Trojaner

Neues vom BKA Trojaner

Leider wurden von Malware Experten in den letzten Monaten immer mehr Trojaner gefunden, die sich als BKA oder GEMA ausgeben und ihren Wirtscomputer sperren. Meist soll dann eine Art "Lösegeld" gezahlt werden, damit man den Computer wieder verwenden kann. Dies sollte man auf keinen Fall tun!

Ransomware sperrt Rechner

Diese speziellen Trojaner werden auch als "Ransomware" bezeichnet. Meist kommt nach der Installation des Virus, welche im Hintergrund abläuft, eine Meldung, dass der Computer beschlagnahmt ist und der Nutzer gegen ein Gesetz verstoßen hat, mit der Aufforderung, einen gewissen Geldbetrag auf ein Konto zu überweisen, damit man den Verstoß ungeschehen macht und der Rechner wieder genutzten werden kann. Vor allem der sogenannte BKA-Trojaner erfreut sich dabei großer Beliebtheit. In den letzten Monaten wurden daher auch immer mehr Varianten dieser Ransomware von Sicherheitsexperten entdeckt.

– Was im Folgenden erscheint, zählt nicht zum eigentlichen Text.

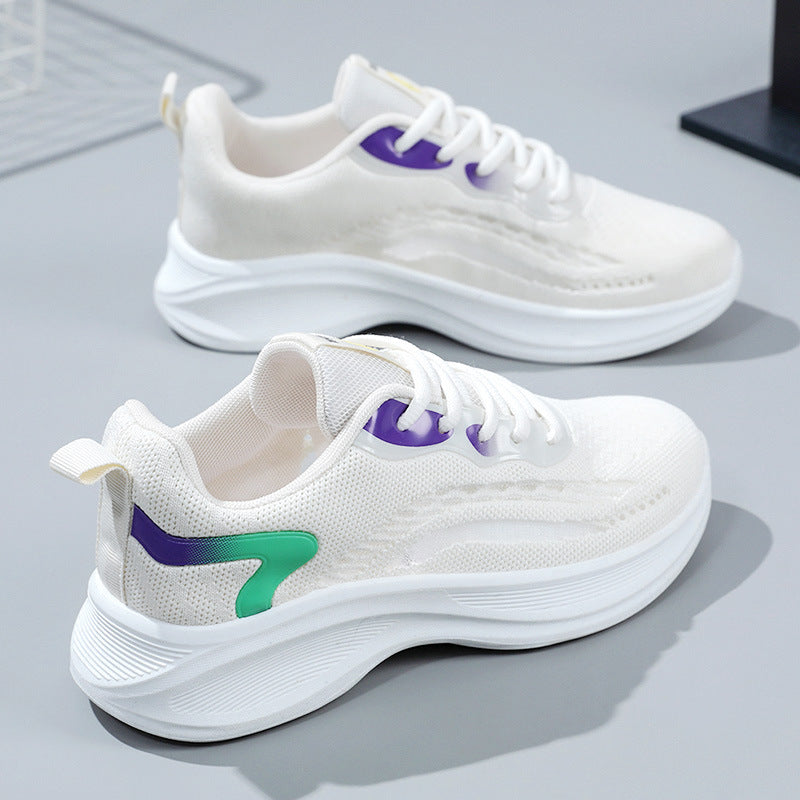 Damen atmungsaktive Freizeitschuhe mit flexiblem Sohlenprofil EB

Wie infiziert man sich eigentlich?

Dies ist eine sehr gute Frage. Meist infizieren sich die Nutzer beim Surfen im Internet über eine Drive-By-Attacke. Dabei wird der Trojaner beim schlichten Surfen auf einer Webseite unbemerkt im Hintergrund installiert. Neben ganz normalen Internetseiten, sind vor allem Pornoseiten so präpariert, dass sich der Trojaner unbemerkt im Hintergrund herunterlädt und installiert. Zudem sind manchmal auch Programme, die man irgendwo downloadet, damit infiziert, und die Malware installiert sich dann gleich mit dem eigentlichen Programm. Somit kann im Prinzip jeder Internetnutzer mit solcher Ransomware in Kontakt kommen und seinen Computer infizieren.

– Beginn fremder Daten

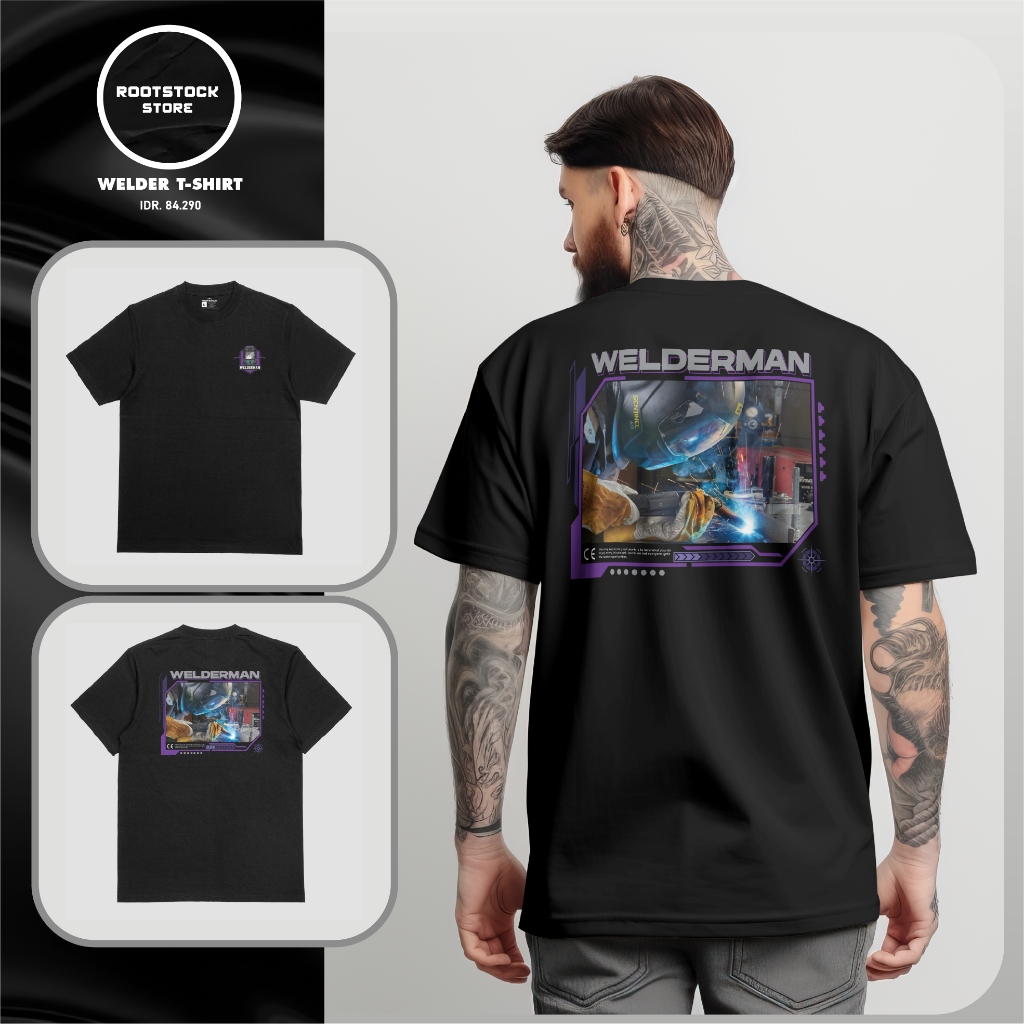 KAOS WELDER COTTON COMBED 24S READY SIZE S - 3XL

Der Ursprung des BKA-Trojaners

Laut diverser Berichte hat der BKA-Trojaner den selben Ursprung wie viele andere bekannte Viren, wie beispielsweise auch ZeuS, CARBERP oder der noch nicht so bekannte Gamarue. Dabei werden die Viren, von Personen im Untergrund einzig mit dem Ziel programmiert, Lösegeld von den unvorsichtigen Opfern zu bekommen und somit Gewinn zu machen.
Wer sich vor solchen Trojanern und generell auch anderen Viren schützen möchte, der sollte darauf achten, dass Antivirensoftware installiert ist und diese aktuell gehalten wird. Zudem bieten viele Hersteller spezielle Software zum Entfernen dieser Ransomware an.

BKA-Trojaner entfernen

Inzwischen befassen sich schon einige Seiten im Internet mit dem BKA-Trojaner und glücklicherweise ist er verhältnismäßig einfach zu entfernen. Wenn Sie neben dem infizierten Rechner noch einen weiteren Computer zur Verfügung haben, finden Sie auf http://bka-trojaner.de/ und auf http://www.bundespolizei-virus.de/ sehr gute Anleitungen, wie Sie den Parasiten wieder los werden.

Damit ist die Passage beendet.